Server to Server Data copy using AzCopy

If you are migrating your workloads to the cloud, you most probably have come across in scenarios where you need to copy large amount of data cross the network into the cloud. In this post, I’m going to be talking about my experience in one of those scenarios and my observations. The observations and learning are interesting and worth sharing. Therefore, continue reading this article to the end.

Problem Statement

Recently, I was involved in a Server-to-Server data migration over the Azure ExpressRoute. This scenario had a high latency connection from the on-promises to the cloud; it was around 60ms route trip time.

Robocopy Architecture

I initially used Robocopy tool to migrate the files and wasn’t experiencing a great bandwidth consumption during the migration. I was able to achieve maximum 280Mbps even though I used multithread data copy using the robocopy option. I had plenty of capacity available in the ExpressRoute, however, robocopy was not pushing the data transfer speeds beyond this limit.
Following is an example small copy result.

Robocopy Architecture

As you can see, it was only achieving 265Mbps.

Investigation

While reading about the Robocopy, I learned, even if we use multi-threaded flag, with high latency data copy it doesn’t achieve a high speed because it uses SMB for the data transfer. In other words, Robocopy is not the best tool to copy data across high latency connections. The reason for that is SMB protocol is not designed to copy with high latency connections. There is a single TCP connection maximum bandwidth limit to be aware here has well. In Azure, there are some measured single session TCP maximum bandwidth limits documented here. This will give you a guide around the limits.

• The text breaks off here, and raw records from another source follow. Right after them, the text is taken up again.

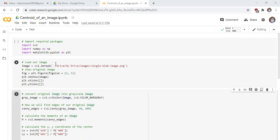Load our original image whose center is required to find. This line of code reads our original image whose name is single-blob-image.jpg which is stored on my computer.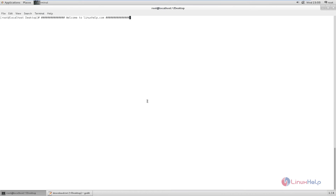Welcome to Linux self tutorial. I am going to explain about how to install OpenNMS on CentOS. OpenNMS is a free open source enterprise level network monitoring and management platform, which provides the information to allow us to make decisions in regards to future network and capacity planning.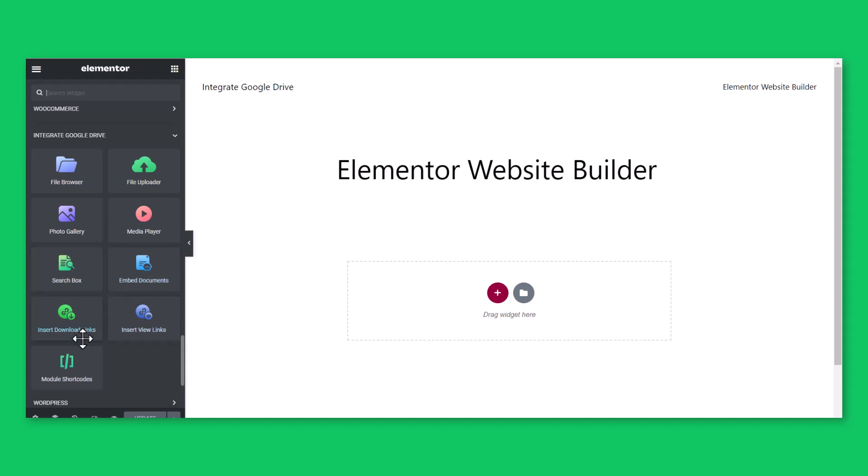Insert Download Links module to insert link download option for users, Insert View Links module to insert file view links, and Module Shortcodes to insert any pre-built module shortcode.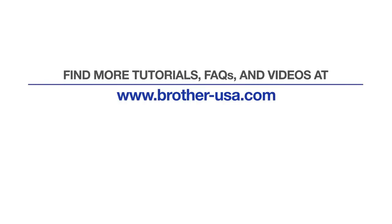For more tutorials, FAQs, and videos, visit us at www.brother-usa.com. If you found this video helpful, be sure to subscribe. Thank you for choosing Brother.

Moving on from Robocopy, I used FTP as another method for the copy job. I used FileZilla tool for this. This required an FTP server to be configured on the source side; and the data to be pulled from an FTP client at the target side. Note that this also required additional ports (port 21 by default) opened between the source server and the destination.
I managed to achieve slightly higher data transfer rates using this method, however, still it wasn’t utilizing the full ExpressRoute bandwidth. This resulted in me looking for other options.

Solution

I initially looked at using azcopy tool for this job. However, I didn’t go with this path because it can only copy files to an Azure Storage account, e.g. Blob store. Because of the low maximum bandwidth achieved from the robocopy and FTP, I was compelled to investigate this method again. My requirement was to copy files from the source server to the destination server, therefore with azcopy, I had to (1) first upload the files to a staging storage account, then (2) download the files the destination server. Even though this is a two-step approach, this gave me faster throughputs during the copy. This resulted in a significantly quicker end to end completion time compared to the robocopy. The key point to mention here is, azcopy is designed for high latency copy jobs. Therefore, it pushes the throughputs to the maximum available in the link.

AzCopy Architecture

With the usage of the Azure Private endpoints, the route of the file transfer traffic, still stays the same. It copies the files over the ExpressRoute to the same virtual network. Therefore, from a security perspective, it’s not a huge compromise.

What is significant to note in here is the download speed from the storage account to the target server. Because they are in the same region, it managed to achieve throughputs as high as 10Gbps. Therefore, time taken in the step 2 is neglectable when compared to the step 1.

Following is an example upload speed achieved.

Upload Speed

Following is an example download speed achieved.

Download Speed

Conclusion

The conclusion here is, direct copy using traditional methods (like robocopy) in high latency scenarios, especially migrating data to the cloud, is not always the best method. There are other tools specifically designed for high latency scenarios (like azcopy). Even though they can’t do server-to-server direct copy, they can perform better in a two-step approach to migrate the files to the destination/cloud.